**ACTIVITY:**
Go to the line with "And then tap" in the entries below and write out every line from there through the line with "But the CPM", exactly and without pictures.
ENTRIES SUPPLIED below:
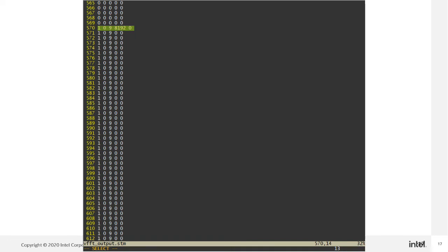After the simulation completed, you can open the printed output.stm file. There are 5 elements in each row of the stm file. The first element is referring to output valid. The output value is valid only when this element equals 1.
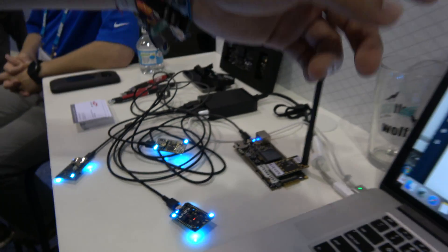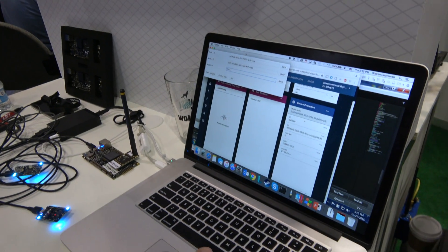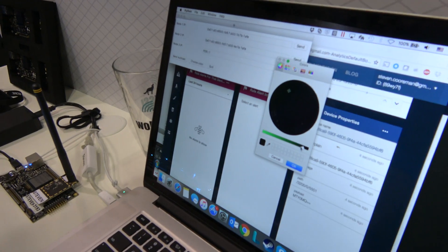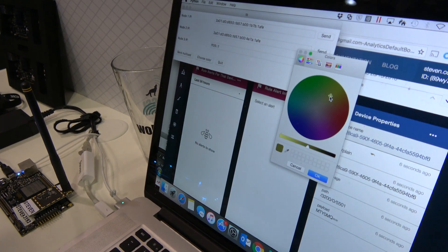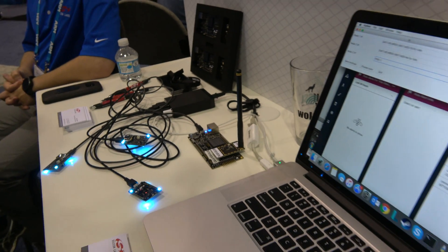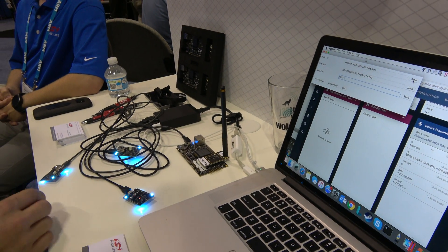Using this small Python GUI, you're able to choose a color on the color palette, sending it back into a single node.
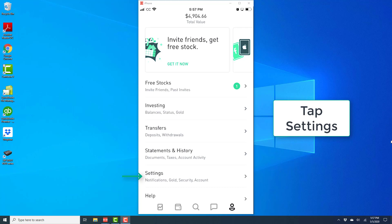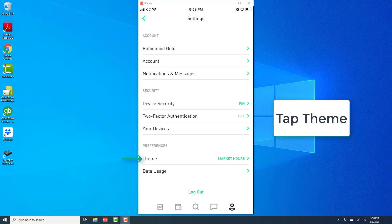And then tap on settings. And once you tap on settings, on the next screen, you should be able to see an option for theme under preferences. So go ahead and tap on theme.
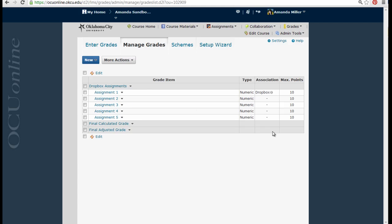You can repeat this process for every assignment, discussion board, or Dropbox area that you want to link into your Gradebook.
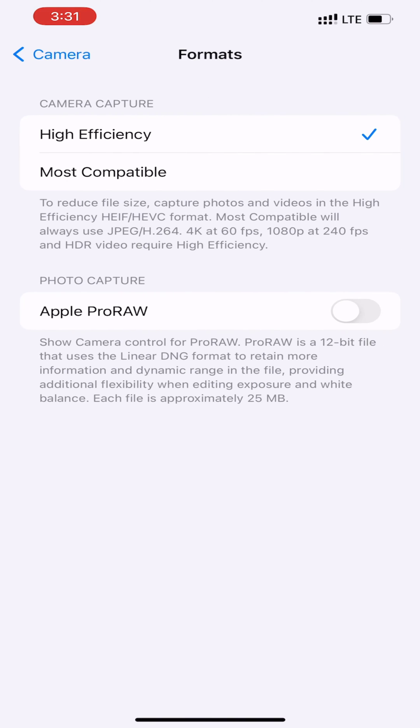Finally, select Most Compatible to check the option. Now, your iPhone will keep using more compatible formats including JPG and MP4.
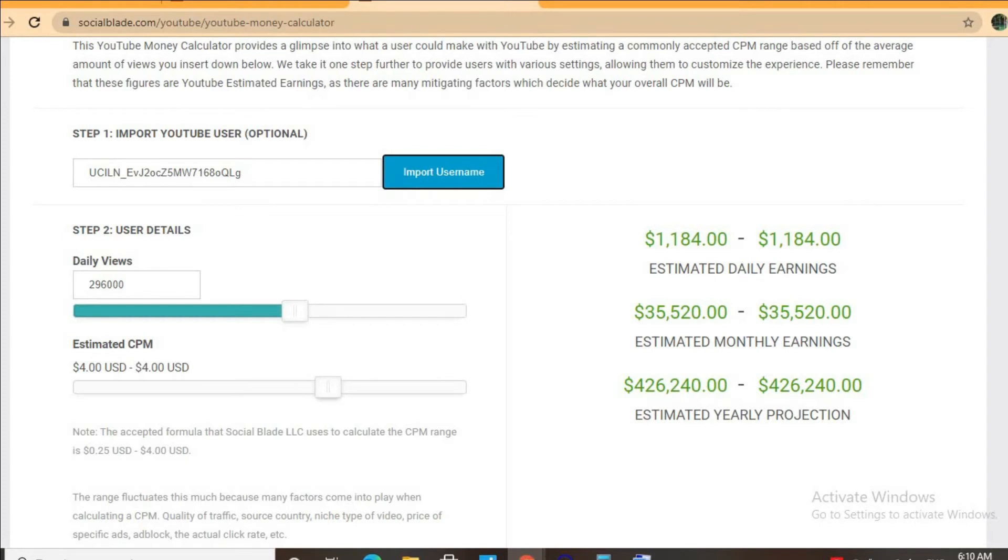But the CPM tends to fluctuate greatly as it can go from anywhere from $1 to up to $10 or $20 or even more.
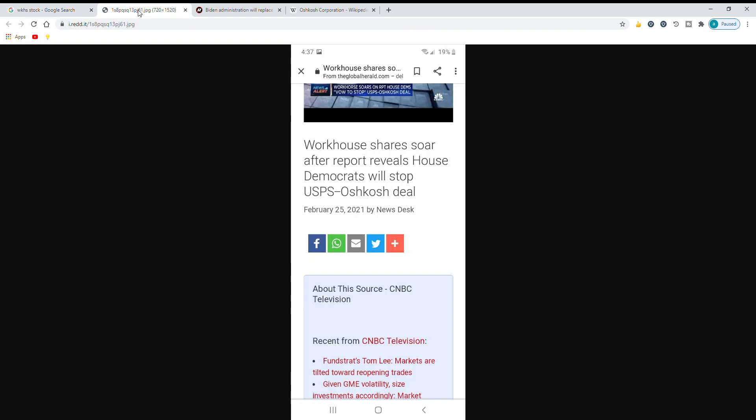It's going to be paid out in different parts over the next 10 years. But this came out yesterday that Workhorse shares soar after a report reveals House Democrats will stop USPS slash Oshkosh deal.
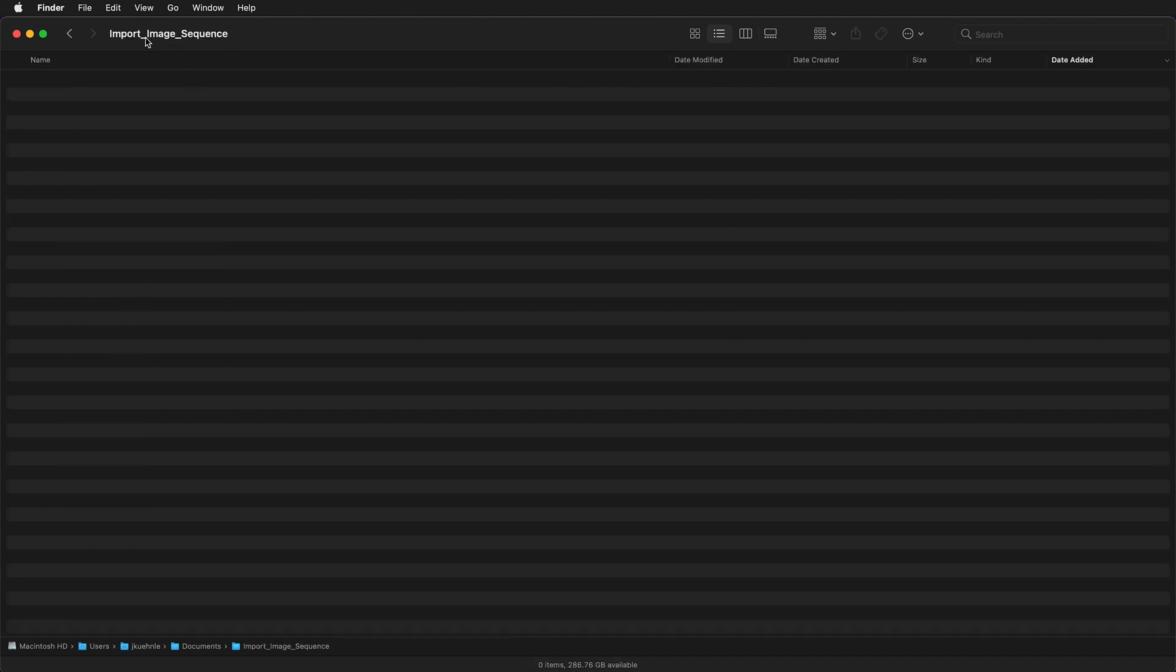This is the folder for my video project. It's called import image sequence. It is a good idea and necessary to put all of the files including sounds, images, video clips in a folder before you import them into your Premiere project.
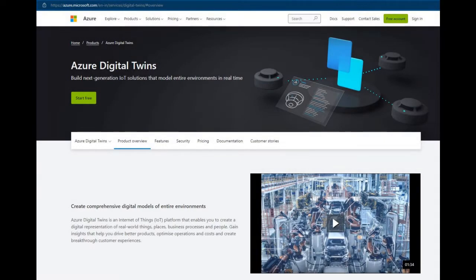Azure Digital Twins is an Internet of Things platform that enables users to create a digital representation of real-world things, places, business processes, and people.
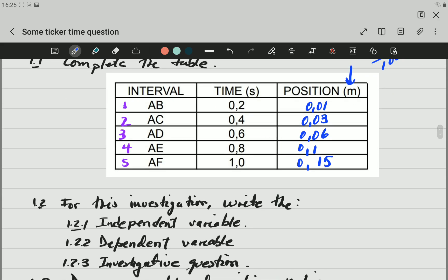Question 1.2: for this investigation, write down the independent variable, dependent variable, and the investigative question. The independent variable is the one that the person doing the investigation changes. In this case, we are changing time. What happens to position if we change the time by 0.2 seconds? Time is what we are going to call the independent variable — we are changing time and looking at the position every set time interval.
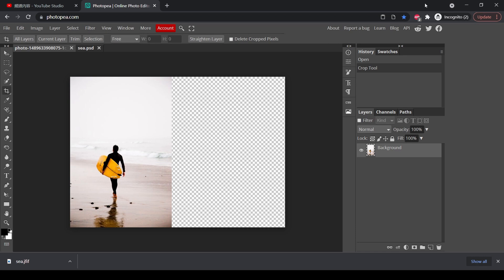Hi, today I want to show you how to resize an image without stretching it in Photopea.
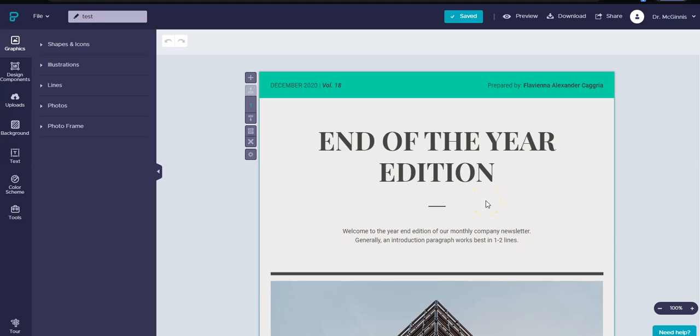In this video I'm going to show you how to take your Piktochart and embed it on your Google site. So the first thing you're going to do is go ahead and log into Piktochart and open up the final project that you want to use.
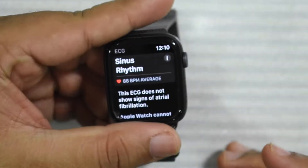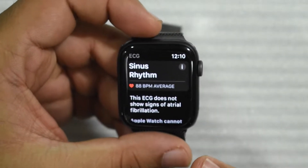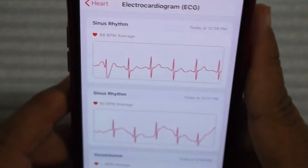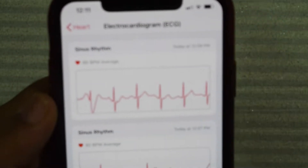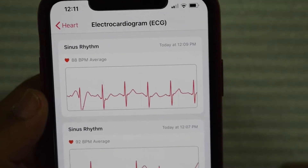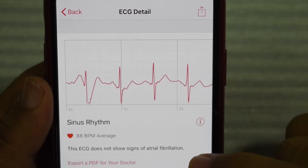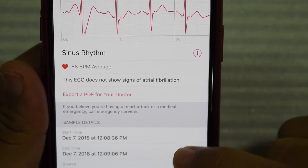That's a demo of the Apple Watch Series 4 ECG feature. I've been waiting for this forever and I'm so glad we finally got it. Let me show you what the ECG results look like on my phone. You can see my last result — the sinus rhythm. If I tap on it, you can see the ECG detail. The ECG does not show any signs of AFib, and you can export a PDF for your doctor.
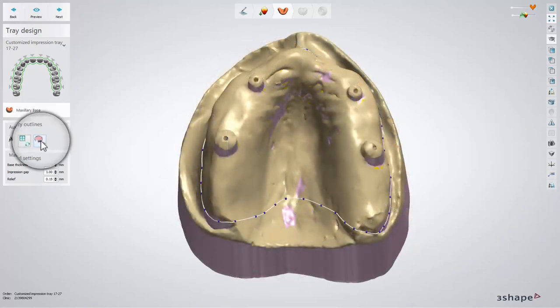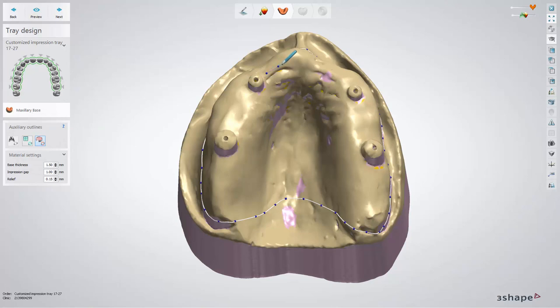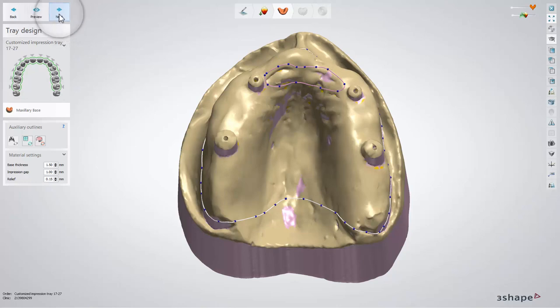Here you can also add a relief zone for any places which can be harmful for a patient. Click Next to move to the finalized step.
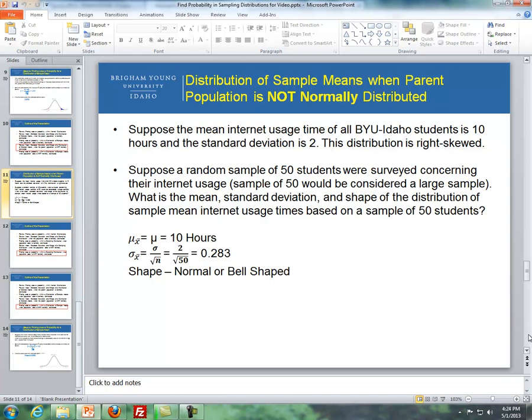What is the mean, standard deviation, and shape of the distribution of sample mean Internet usage time based on a sample of 50 students? The mean of the means — the mean of all possible sample means — is equal to the population mean, which is 10 hours, as shown here.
End of ENTRIES SUPPLIED.
**RESULT:**
And then tap on settings. And once you tap on settings, on the next screen, you should be able to see an option for theme under preferences. So go ahead and tap on theme.
You can repeat this process for every assignment, discussion board, or Dropbox area that you want to link into your Gradebook.
Finally, select Most Compatible to check the option. Now, your iPhone will keep using more compatible formats including JPG and MP4.
But the CPM tends to fluctuate greatly as it can go from anywhere from $1 to up to $10 or $20 or even more.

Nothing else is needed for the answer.